Top of Records
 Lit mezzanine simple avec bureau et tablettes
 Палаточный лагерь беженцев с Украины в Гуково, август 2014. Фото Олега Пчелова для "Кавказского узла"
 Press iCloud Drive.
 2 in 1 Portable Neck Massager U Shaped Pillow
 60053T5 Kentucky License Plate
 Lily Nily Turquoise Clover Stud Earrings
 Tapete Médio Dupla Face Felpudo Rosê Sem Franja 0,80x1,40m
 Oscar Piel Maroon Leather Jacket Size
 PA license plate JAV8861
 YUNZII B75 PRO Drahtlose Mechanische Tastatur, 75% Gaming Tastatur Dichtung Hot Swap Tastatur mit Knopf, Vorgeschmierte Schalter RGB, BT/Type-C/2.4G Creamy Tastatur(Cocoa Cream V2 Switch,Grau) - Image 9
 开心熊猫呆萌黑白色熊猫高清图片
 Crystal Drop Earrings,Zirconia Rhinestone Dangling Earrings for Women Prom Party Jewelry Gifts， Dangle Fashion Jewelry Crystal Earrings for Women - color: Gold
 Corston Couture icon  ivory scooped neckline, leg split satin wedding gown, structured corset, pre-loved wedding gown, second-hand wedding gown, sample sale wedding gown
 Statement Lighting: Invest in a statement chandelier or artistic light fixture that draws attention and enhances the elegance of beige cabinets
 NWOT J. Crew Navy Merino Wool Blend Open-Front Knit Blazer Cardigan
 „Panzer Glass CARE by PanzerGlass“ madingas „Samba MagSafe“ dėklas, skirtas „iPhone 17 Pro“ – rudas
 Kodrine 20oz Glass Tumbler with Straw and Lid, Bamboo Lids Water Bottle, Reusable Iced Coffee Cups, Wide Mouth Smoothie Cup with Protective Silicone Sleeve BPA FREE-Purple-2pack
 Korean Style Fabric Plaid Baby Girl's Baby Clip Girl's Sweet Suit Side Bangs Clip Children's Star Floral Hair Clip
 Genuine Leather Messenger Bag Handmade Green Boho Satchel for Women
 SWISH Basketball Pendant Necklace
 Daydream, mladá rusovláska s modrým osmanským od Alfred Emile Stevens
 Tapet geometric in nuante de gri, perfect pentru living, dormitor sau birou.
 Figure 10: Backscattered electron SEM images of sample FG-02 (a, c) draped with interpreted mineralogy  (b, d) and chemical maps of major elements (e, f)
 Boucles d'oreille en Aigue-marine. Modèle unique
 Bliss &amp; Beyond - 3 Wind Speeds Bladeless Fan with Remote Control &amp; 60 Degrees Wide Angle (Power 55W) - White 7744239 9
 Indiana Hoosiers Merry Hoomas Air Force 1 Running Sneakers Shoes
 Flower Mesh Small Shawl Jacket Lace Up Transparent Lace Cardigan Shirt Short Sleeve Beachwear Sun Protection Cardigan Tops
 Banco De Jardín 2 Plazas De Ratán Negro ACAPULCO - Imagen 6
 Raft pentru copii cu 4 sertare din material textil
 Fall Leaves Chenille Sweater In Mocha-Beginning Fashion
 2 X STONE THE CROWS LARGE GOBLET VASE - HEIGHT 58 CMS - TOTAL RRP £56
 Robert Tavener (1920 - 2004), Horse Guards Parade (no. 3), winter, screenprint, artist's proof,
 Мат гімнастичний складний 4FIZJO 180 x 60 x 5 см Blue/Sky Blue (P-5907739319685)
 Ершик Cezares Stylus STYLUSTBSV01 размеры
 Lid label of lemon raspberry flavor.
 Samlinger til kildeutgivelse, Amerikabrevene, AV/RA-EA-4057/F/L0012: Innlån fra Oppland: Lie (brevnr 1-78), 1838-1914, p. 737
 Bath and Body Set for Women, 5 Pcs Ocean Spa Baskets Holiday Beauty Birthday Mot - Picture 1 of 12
Bottom of Records
Each entry above is to be set down again in exactly the same words.

 Lit mezzanine simple avec bureau et tablettes
 Палаточный лагерь беженцев с Украины в Гуково, август 2014. Фото Олега Пчелова для "Кавказского узла"
 Press iCloud Drive.
 2 in 1 Portable Neck Massager U Shaped Pillow
 60053T5 Kentucky License Plate
 Lily Nily Turquoise Clover Stud Earrings
 Tapete Médio Dupla Face Felpudo Rosê Sem Franja 0,80x1,40m
 Oscar Piel Maroon Leather Jacket Size
 PA license plate JAV8861
 YUNZII B75 PRO Drahtlose Mechanische Tastatur, 75% Gaming Tastatur Dichtung Hot Swap Tastatur mit Knopf, Vorgeschmierte Schalter RGB, BT/Type-C/2.4G Creamy Tastatur(Cocoa Cream V2 Switch,Grau) - Image 9
 开心熊猫呆萌黑白色熊猫高清图片
 Crystal Drop Earrings,Zirconia Rhinestone Dangling Earrings for Women Prom Party Jewelry Gifts， Dangle Fashion Jewelry Crystal Earrings for Women - color: Gold
 Corston Couture icon  ivory scooped neckline, leg split satin wedding gown, structured corset, pre-loved wedding gown, second-hand wedding gown, sample sale wedding gown
 Statement Lighting: Invest in a statement chandelier or artistic light fixture that draws attention and enhances the elegance of beige cabinets
 NWOT J. Crew Navy Merino Wool Blend Open-Front Knit Blazer Cardigan
 „Panzer Glass CARE by PanzerGlass“ madingas „Samba MagSafe“ dėklas, skirtas „iPhone 17 Pro“ – rudas
 Kodrine 20oz Glass Tumbler with Straw and Lid, Bamboo Lids Water Bottle, Reusable Iced Coffee Cups, Wide Mouth Smoothie Cup with Protective Silicone Sleeve BPA FREE-Purple-2pack
 Korean Style Fabric Plaid Baby Girl's Baby Clip Girl's Sweet Suit Side Bangs Clip Children's Star Floral Hair Clip
 Genuine Leather Messenger Bag Handmade Green Boho Satchel for Women
 SWISH Basketball Pendant Necklace
 Daydream, mladá rusovláska s modrým osmanským od Alfred Emile Stevens
 Tapet geometric in nuante de gri, perfect pentru living, dormitor sau birou.
 Figure 10: Backscattered electron SEM images of sample FG-02 (a, c) draped with interpreted mineralogy  (b, d) and chemical maps of major elements (e, f)
 Boucles d'oreille en Aigue-marine. Modèle unique
 Bliss &amp; Beyond - 3 Wind Speeds Bladeless Fan with Remote Control &amp; 60 Degrees Wide Angle (Power 55W) - White 7744239 9
 Indiana Hoosiers Merry Hoomas Air Force 1 Running Sneakers Shoes
 Flower Mesh Small Shawl Jacket Lace Up Transparent Lace Cardigan Shirt Short Sleeve Beachwear Sun Protection Cardigan Tops
 Banco De Jardín 2 Plazas De Ratán Negro ACAPULCO - Imagen 6
 Raft pentru copii cu 4 sertare din material textil
 Fall Leaves Chenille Sweater In Mocha-Beginning Fashion
 2 X STONE THE CROWS LARGE GOBLET VASE - HEIGHT 58 CMS - TOTAL RRP £56
 Robert Tavener (1920 - 2004), Horse Guards Parade (no. 3), winter, screenprint, artist's proof,
 Мат гімнастичний складний 4FIZJO 180 x 60 x 5 см Blue/Sky Blue (P-5907739319685)
 Ершик Cezares Stylus STYLUSTBSV01 размеры
 Lid label of lemon raspberry flavor.
 Samlinger til kildeutgivelse, Amerikabrevene, AV/RA-EA-4057/F/L0012: Innlån fra Oppland: Lie (brevnr 1-78), 1838-1914, p. 737
 Bath and Body Set for Women, 5 Pcs Ocean Spa Baskets Holiday Beauty Birthday Mot - Picture 1 of 12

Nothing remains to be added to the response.